Their own special class refers to the quality under the hood, Sun's have
been very solid for quite some time. They actually properly test their
BIOS's and components. I like Sun's, I just can't afford them for the sorts
of deployments I've done. When you're installing 1000 machines, it's often
cheaper and in some ways more reliable to install inexpensive hardware and
hire some poor beggar to actually learn their ins and outs and do deep
support for them, in-house.
> Might happen, but why bother, open support call, let the vendor
> upgrade them, at least they installed the buggy bios in the first
> place and will take care of console settings.

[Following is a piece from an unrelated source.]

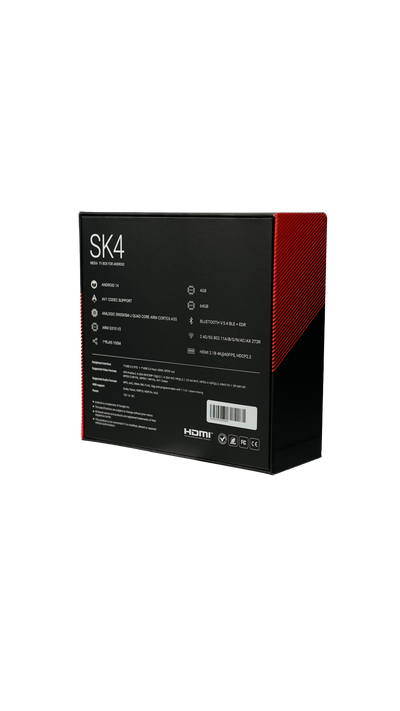 Ugoos SK4 Dolby Vison Android 14 TV BOX - Ships NOV 18
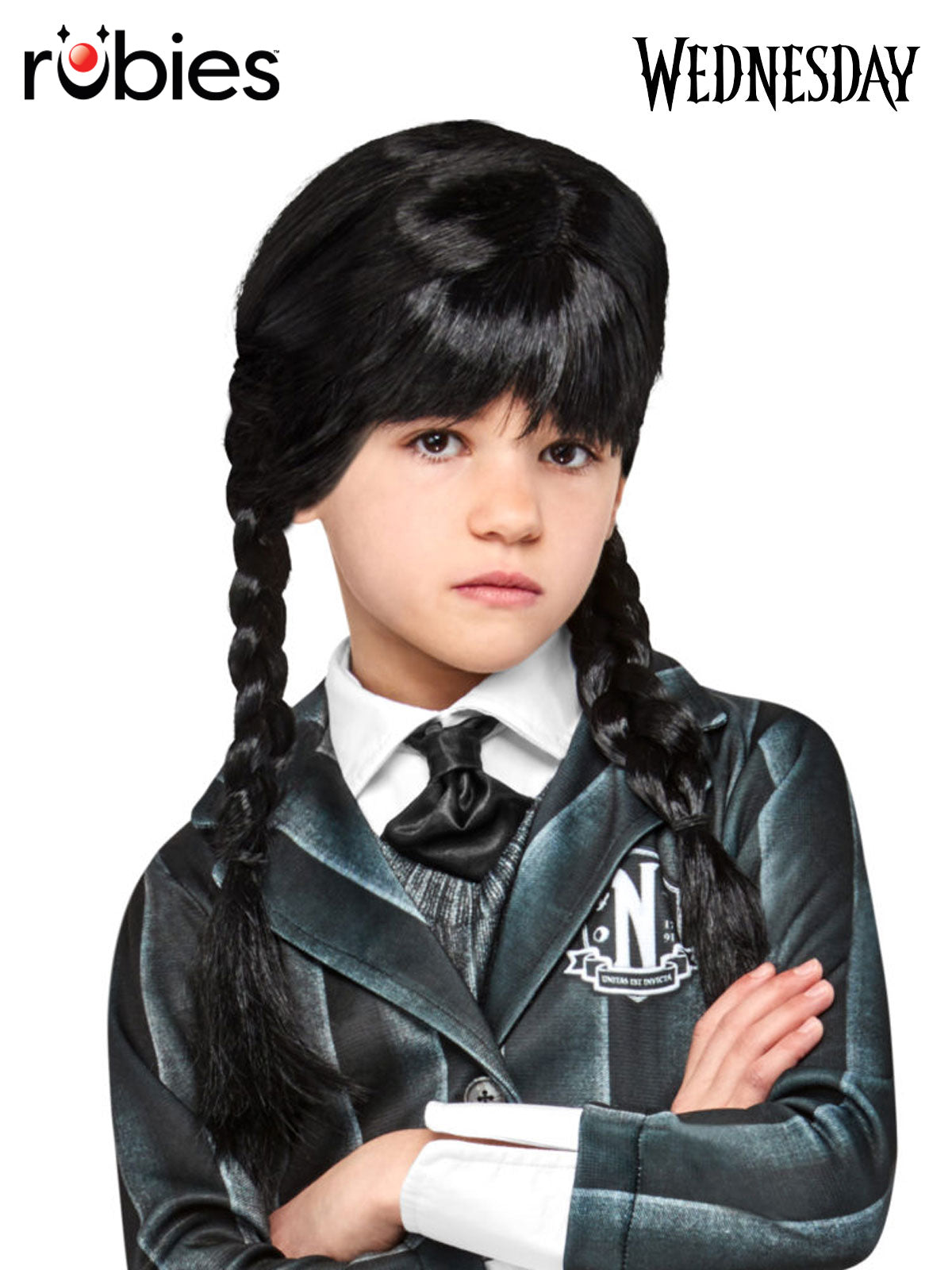 Wednesday Wig (Netfllix Series) - Child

Umm. I was the guy answering the tech support call, or the guy who had to
make the tech support call, and find that various vendors had changed
components without notifying us. Having to test motherboards with alpha or
beta BIOS updates to address such issues is.... pretty painful when the
systems are not quite what you originally ordered or what you originally
tested with before buying the machines.
>> Yes, it should. But if you believe that all motherboard vendors can be
>> relied on to conserve such features reliably across BIOS versions or
>> across
>> minor revisions of the motherboard which your server or desktop vendor
>> may
>> not even tell you has been altered, I think you're in for a harsh
>> surprise.
>
> No problems if you restrict vendors to the lowest possible. Sure
> a zoo might give you some headache. As this thread...

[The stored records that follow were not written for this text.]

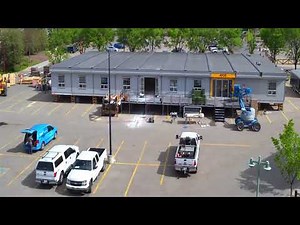ATCO: Time-Lapse Lounge Construction Part One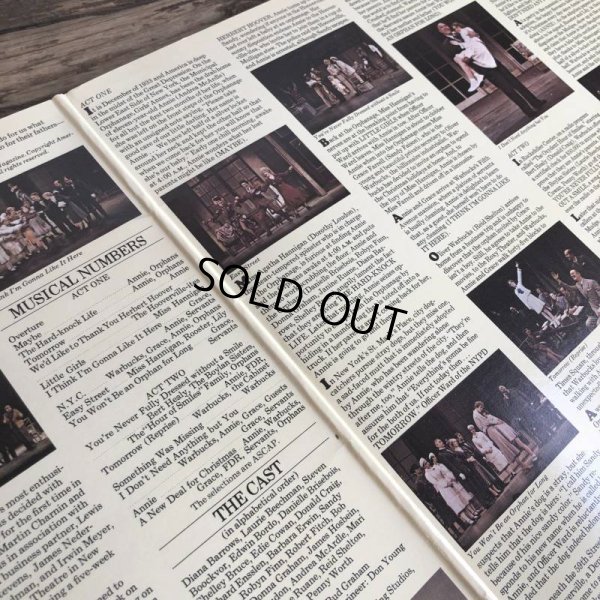 画像4: 70s Vintage LP Annie (T296)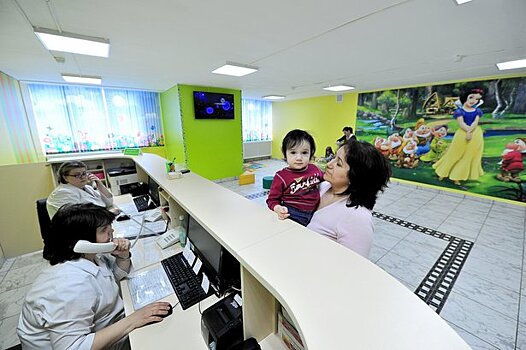 Дежурные врачи детских поликлиник Зеленограда работают без выходных
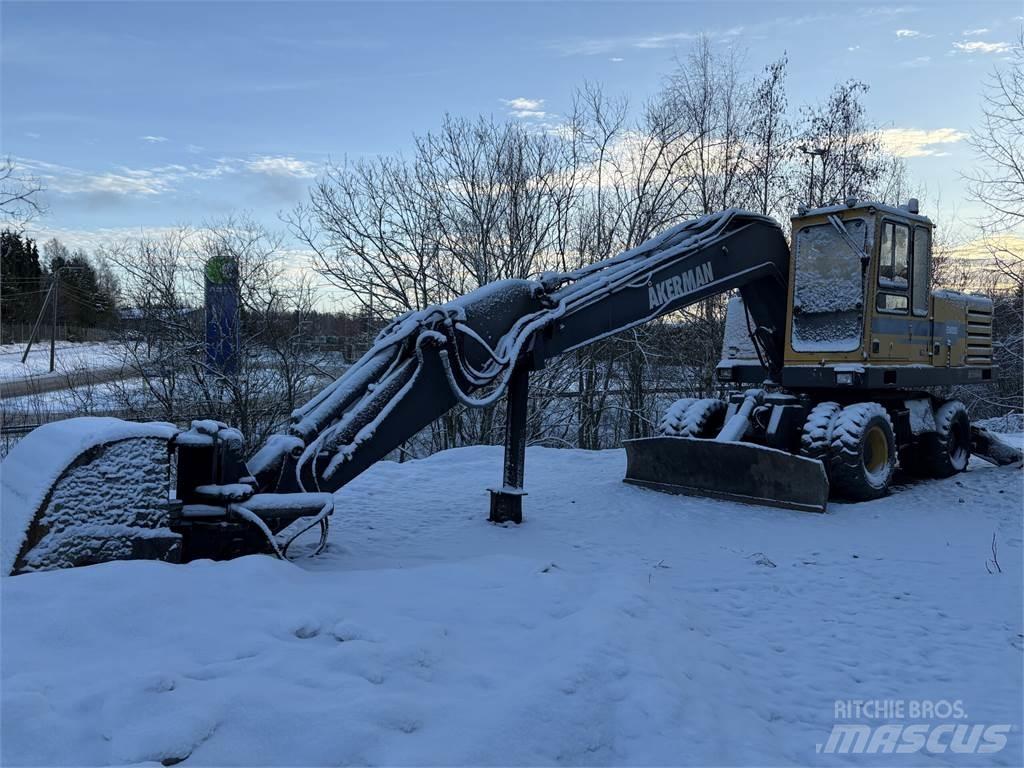 Åkerman EW200/2500 Koparki kołowe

Hmm. You mean fewest number of vendors? I've seen such issues with even
large, reputable suppliers, and had it happen with one of the best known and
reputable venors in the business. Hardware changes, not the BIOS failures:
it led to a large amount of upset in a big contract, ameliorated by the fact
that my kernel updates to support lots of newer hardware was actually due to
be installed the next week. I have a serious rant or two about what our
kernel people were doing to the source trees, but it wasn't the first time
they'd failed to merge changes from one source tree or another back to the
original code line and seriously, seriously broken things.